Vincent van Gogh, Autoportrait à l'oreille bandée ; Arles, 1889
Le saviez-vous ?
L'influence des estampes japonaises traverse toute la composition. Van Gogh se justifie ainsi : « Les Japonais ont vécu dans des intérieurs très simples et quels grands artistes ont vécu dans ce pays ». Pour lui, cette chambre ornée de tableaux reste « vide » par sa sobriété d'ameublement, proche de l'esthétique nippone qu'il admirait. Les lignes droites et la simplicité formelle témoignent de cette fascination pour l'ukiyo-e découvert à Paris en 1886.

Où se situe la chambre de Van Gogh dans le tableau d'Arles ?

La chambre représentée se trouvait au premier étage de la Maison jaune, située 2, place Lamartine à Arles. Van Gogh y louait cet espace modeste où il espérait créer un atelier d'artistes et accueillir Paul Gauguin avant leur rupture célèbre.

Pourquoi Van Gogh a-t-il peint sa chambre ?
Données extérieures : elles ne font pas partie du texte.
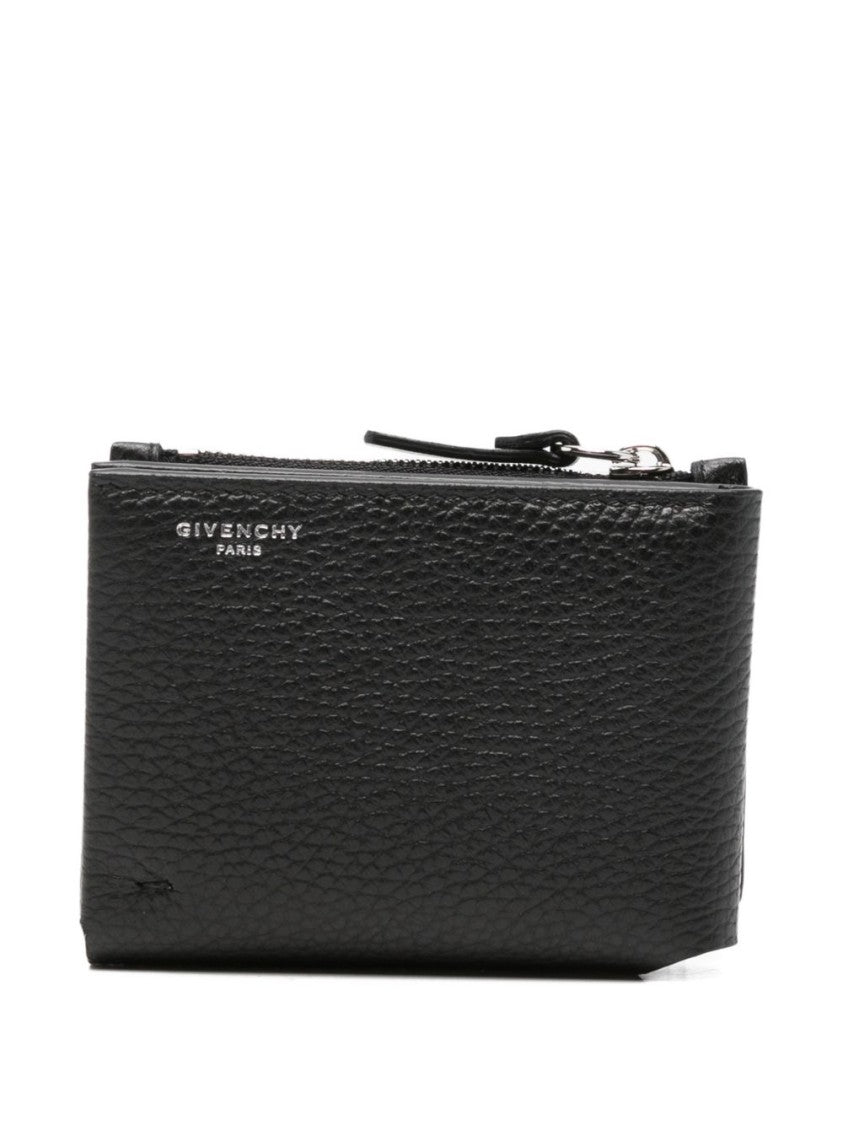 Givenchy Black Textured Calf Leather Zipper Wallet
Van Gogh souhaitait exprimer le repos absolu et la simplicité à travers ce tableau. Dans ses lettres à son frère Théo, il explique vouloir traduire une sensation de tranquillité totale par les couleurs franches et l'absence de détails superflus.

Où est exposée La Chambre de Van Gogh à Arles ?

Les trois versions originales de La Chambre de Van Gogh à Arles sont conservées dans des institutions muséales prestigieuses à travers le monde, chacune accessible au public dans des collections permanentes.

La première version (1888), celle qui a inspiré les deux autres, se trouve au Van Gogh Museum d'Amsterdam aux Pays-Bas.
La deuxième version (1889) est exposée à l'Art Institute de Chicago aux États-Unis.
La troisième version (1889), plus petite avec ses dimensions de 57 × 74 cm, est conservée au Musée d'Orsay à Paris.